È questo il cuore della maxi operazione della Direzione distrettuale antimafia di Palermo che ha portato a tre arresti e al sequestro di beni per oltre 200 milioni di euro.
Per gli investigatori, è una parte della cassaforte di Matteo Messina Denaro. In carcere finisce Giacomo Tamburello, 65 anni, di Campobello di Mazara. Con lui il figlio Luca e l’ex moglie Maria Antonina Bruno, rintracciati in Spagna. Per la Procura sarebbero stati i custodi e i gestori di un patrimonio immenso, accumulato grazie ai traffici internazionali di hashish e marijuana avviati già dagli anni Ottanta.
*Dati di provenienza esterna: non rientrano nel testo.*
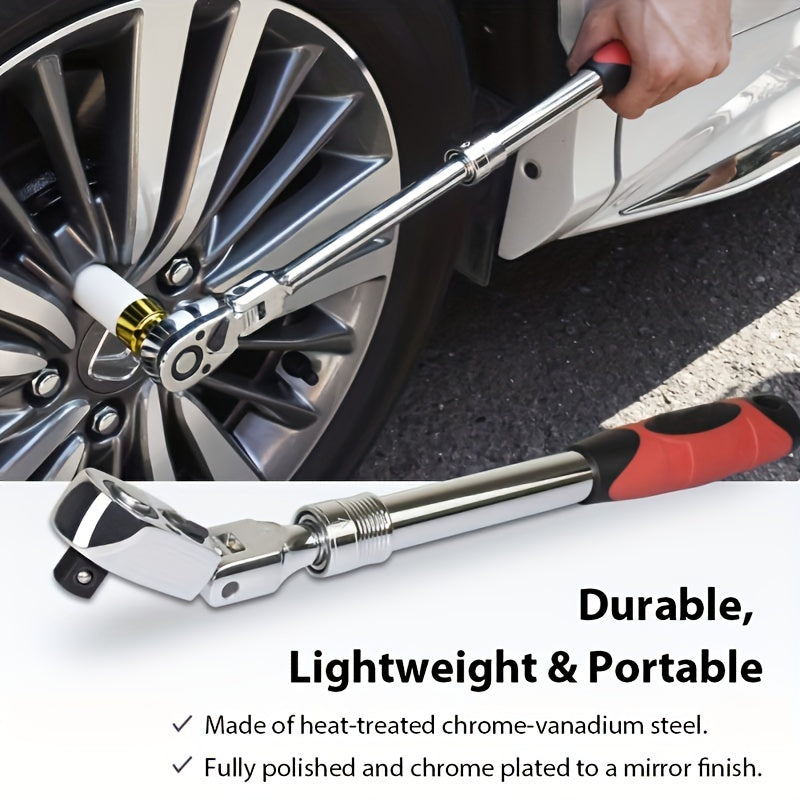 Telescopic Head Ratchet Wrench 1/4 3/8 1/2 Chrome Vanadium Steel Quick Release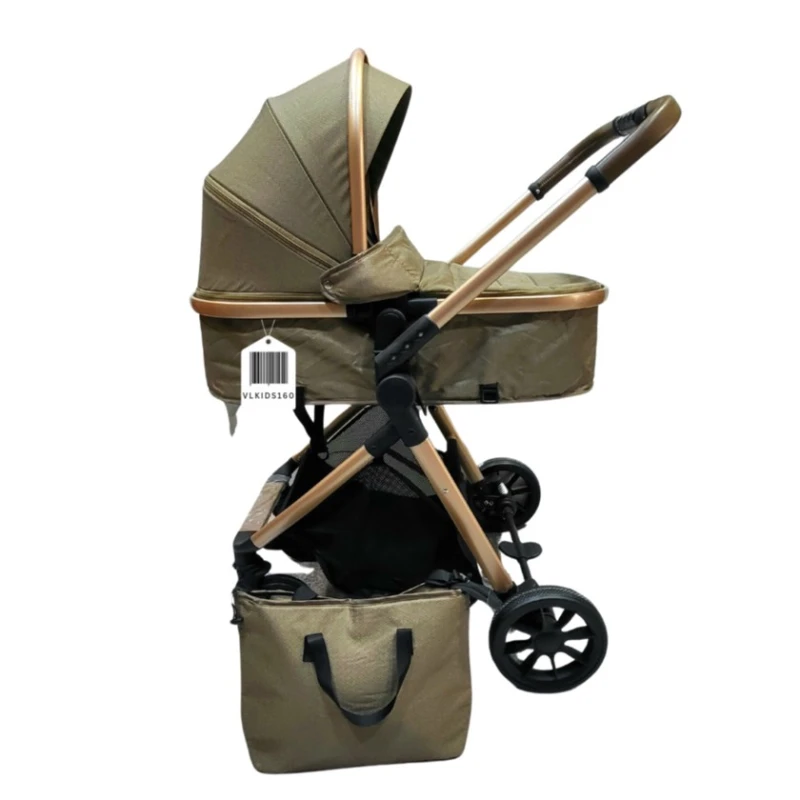 Детская коляска Kidilo VL-KIDS-160, зеленая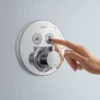 Hansgrohe ShowerSelect S Thermostatic Mixer For Concealed Installation For 2 Outlets - Chrome 2 Hansgrohe ShowerSelect S Thermostatic Mixer For Concealed Installation For 2 Outlets - Chrome -Triton Sales Store 15743000 d1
Le carte raccontano numeri impressionanti. Solo negli anni Novanta, operazioni da migliaia di chili di hashish sulle rotte tra Marocco, Spagna, Svizzera e Italia. Un flusso continuo di denaro che, secondo le dichiarazioni di nuovi collaboratori di giustizia garantiva al mandamento di Castelvetrano una quota fissa del 10 per cento su ogni affare.
Non pizzo. Percentuale societaria. Un patto stabile tra narcotraffico e vertice mafioso. Ma la vera svolta, secondo i magistrati, è nel modo in cui quei soldi vengono gestiti. Qui entra in scena Luca Tamburello. Non un gregario. Ma il volto finanziario del sistema. Studi in discipline bancarie nelle migliori università, esperienze finanziarie internazionali, competenze tecniche che – secondo l’accusa – sarebbero state decisive per costruire una rete sofisticata di società estere, fondi patrimoniali e investimenti.
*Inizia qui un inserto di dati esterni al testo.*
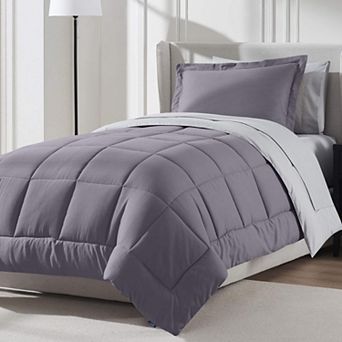 Nestl Reversible Comforter Set Bed in a Bag with Ice Pillow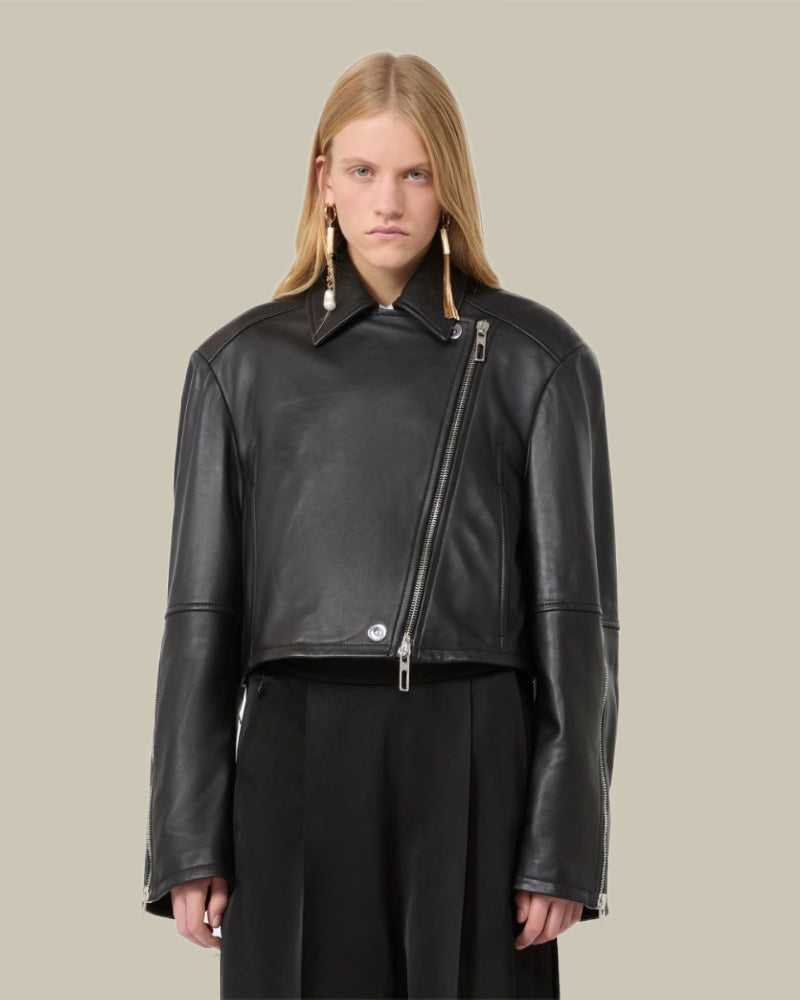 Nappa Leather Biker Jacket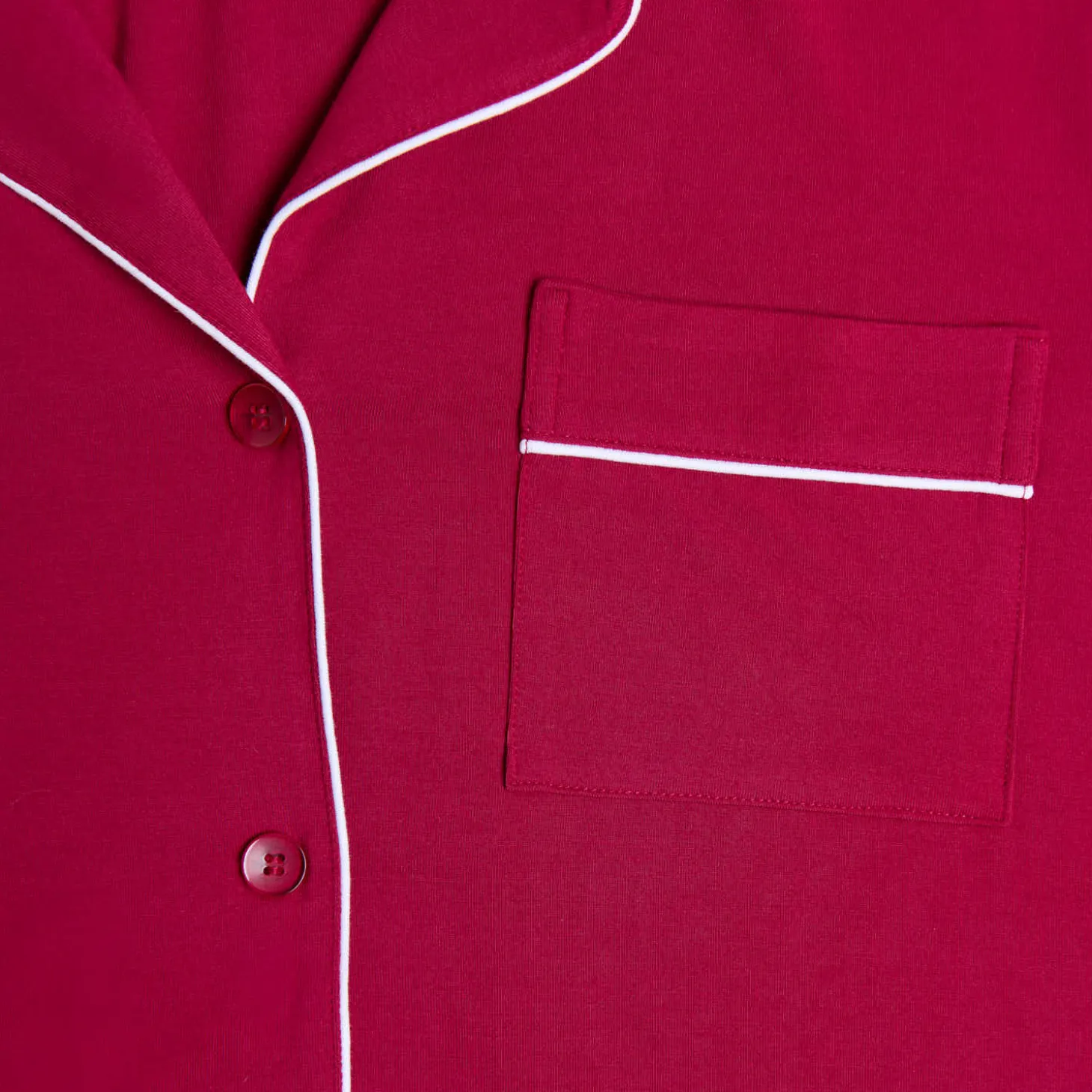 Berry Button Up Nightshirt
Conti in Lussemburgo. Rapporti ad Andorra. Società alle Isole Cayman. Oltre 12 chili. Ventidue immobili di pregio nella Costa del Sol in Spagna. Partecipazioni in un istituto di credito libanese. Una mafia finanziaria globale. L’indagine parte nel 2023 da una segnalazione arrivata da Andorra. Da lì gli investigatori ricostruiscono un sistema mondiale di riciclaggio che attraversa Europa e Caraibi.
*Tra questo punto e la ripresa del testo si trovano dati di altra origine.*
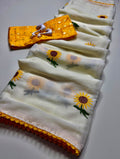 navratri special offwhite sarees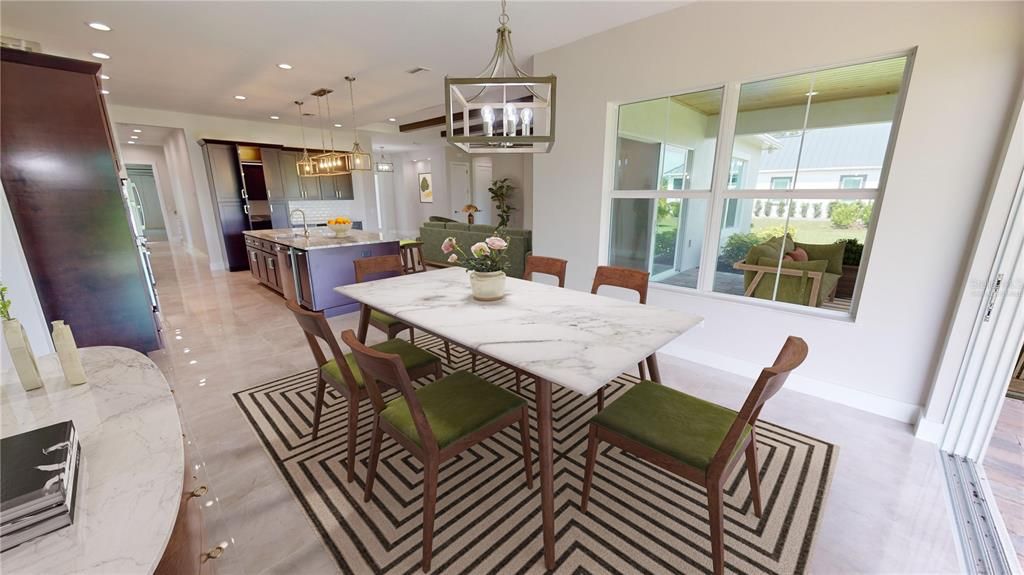 **Virtually staged - Dining area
E mentre si scava nel patrimonio, riemergono anche figure chiave dell’entourage storico del boss. Tra queste l’avvocato Antonio Messina, indicato come il “Solimano” nei pizzini di Messina Denaro, ritenuto dagli inquirenti uno dei riferimenti nella gestione della cassa mafiosa utilizzata anche per sostenere la lunga latitanza.
L’operazione di ieri arriva pochi giorni dopo le perquisizioni a Campobello di Mazara, nello studio legale di un’avvocata deceduta nel 2015. La legale aveva assistito Messina Denaro in alcuni processi, ma secondo gli investigatori sarebbe stata anche amante e custode di segreti del boss.
Le indagini sulla rete di Messina Denaro, che vanno avanti da 3 anni e mezzo, si allargano sempre di più.
L’obiettivo è chiaro: non solo colpire chi ha coperto la latitanza del boss.
Ma ricostruire, euro dopo euro, chi negli ultimi decenni ha nascosto, fatto fruttare e protetto il tesoro della droga e di Matteo Messina Denaro.
Un tesoro enorme, sparso in giro per il mondo.